You are viewing a plain text version of this content. The canonical link for it is here.
Posted to user@nutch.apache.org by Eyeris Rodriguez Rueda <er...@uci.cu> on 2016/10/26 20:34:04 UTC

Re: [MASSMAIL]RE: about canonical pages to avoid duplicates pages

Thanks Markus.
I thinks i will do a parsefilter to add this logic. you are right,excellents comments are there.
This is an intersting topic.


----- Mensaje original -----
De: "Markus Jelsma" <ma...@openindex.io>
Para: "user" <us...@nutch.apache.org>
Enviados: MiƩrcoles, 26 de Octubre 2016 16:27:06
Asunto: [MASSMAIL]RE: about canonical pages to avoid duplicates pages

Hello Eyeris - there is no such thing in Nutch right now.

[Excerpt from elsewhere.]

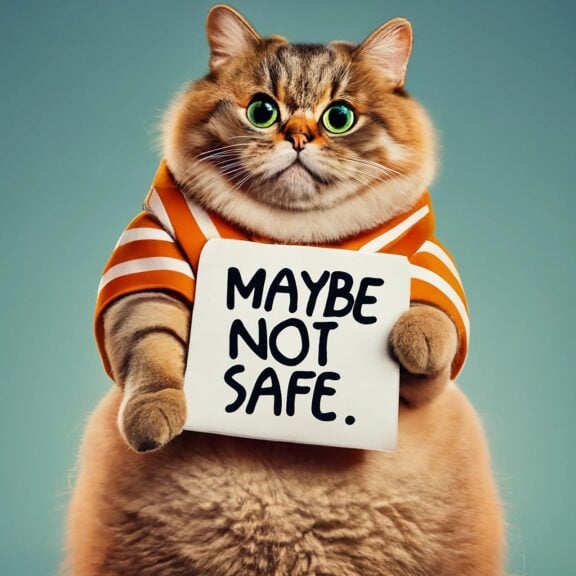 The Art Of Nodding While Internally Screaming: Dealing With Climate Change Denialists A fat orange cat in a striped sweater holding a sign about it not being safs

Although i do seem to remember having a plugin that provides support for it, as well as support for it via HTTP headers and og:url, of course with normalize and filter and uses robots=noindex to prevent indexing duplicates.

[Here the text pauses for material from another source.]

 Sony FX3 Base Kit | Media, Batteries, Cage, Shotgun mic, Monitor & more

You can also try to improve on the patch attached to NUTCH-710. There are excellent comments for guidance. 

M.
 
-----Original message-----
> From:Eyeris Rodriguez Rueda <er...@uci.cu>
> Sent: Wednesday 26th October 2016 22:01
> To: user@nutch.apache.org
> Subject: about canonical pages to avoid duplicates pages
> 
> Hi all.
> Im using nutch 1.12 and solr 4.10.3. in local mode.
> I have detected a lot of duplicates pages on crawlDB. Maybe using canonical atribute i can reduce duplicate pages on crawldb.
> I have read a old post(see below),that is an intersting topic.
> https://issues.apache.org/jira/browse/NUTCH-710 
> 
> Is this feature supported by nutch or not ?.
> 
> 
>